B2B marketing organizational structure determines how fast you move, how well you align with sales, and whether your marketing function actually drives revenue or just produces activity. Get the structure wrong and you end up with duplicated effort, unclear ownership, and a team that’s busy but not effective.

Most B2B marketing teams are structured around what felt logical when they were small, then patched as headcount grew. The result is a org chart that reflects history more than strategy. This article is about fixing that.

Key Takeaways

  • Most B2B marketing org structures are inherited, not designed. They reflect how the team grew, not how the business needs to compete.
  • The biggest structural failure in B2B is separating the people who generate leads from the people who help close them. Those functions need to be tightly coupled.
  • There is no universal org model. The right structure depends on your GTM motion, deal complexity, and sales cycle length.
  • Titles and reporting lines matter less than clear ownership. Ambiguous accountability is where most B2B marketing execution breaks down.
  • Structure should follow strategy, not the other way around. If your org chart is driving your marketing approach, you have it backwards.
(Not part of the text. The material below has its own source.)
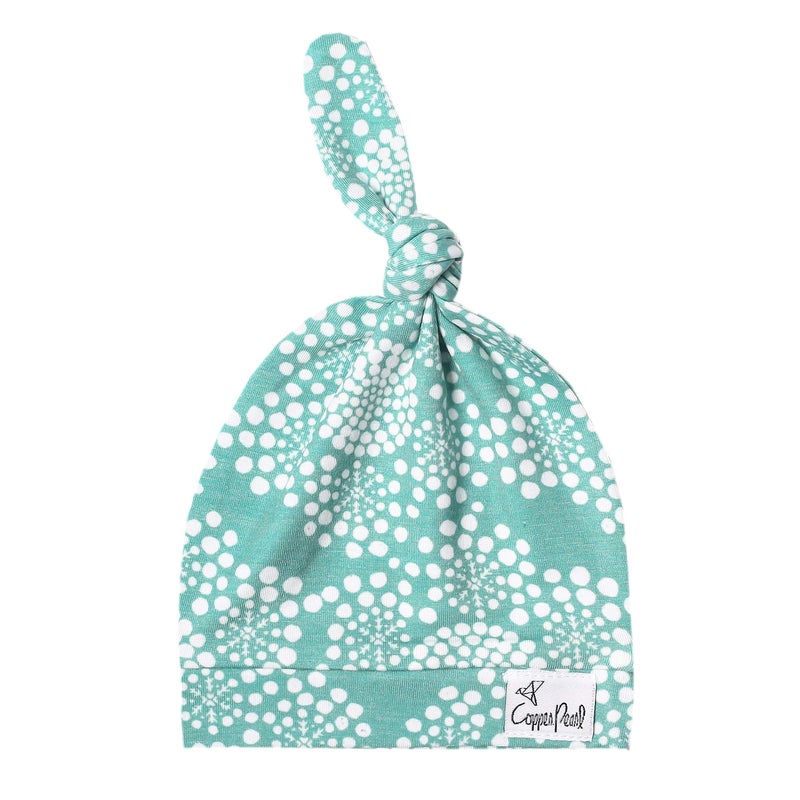Copper Pearl Baby Beanie Hat Top Knot Stretchy Soft Jane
Why B2B Marketing Structure Gets Messy So Quickly

When I was growing an agency from around 20 people to over 100, the structural problems didn’t announce themselves loudly. They crept in quietly. A new client required a capability we didn’t have, so we hired someone. That person reported to whoever had bandwidth. Then we hired another person to fill an adjacent gap, and they reported somewhere else. Before long, nobody was entirely sure who owned what, and the org chart had become a map of historical decisions rather than a coherent operating model.

B2B marketing teams inside companies follow the same pattern. You start with one person doing everything. You hire a demand gen specialist. Then a content person. Then someone to own events. Then a product marketer because sales kept asking for better collateral. Each hire makes sense in isolation. The structure that results rarely does.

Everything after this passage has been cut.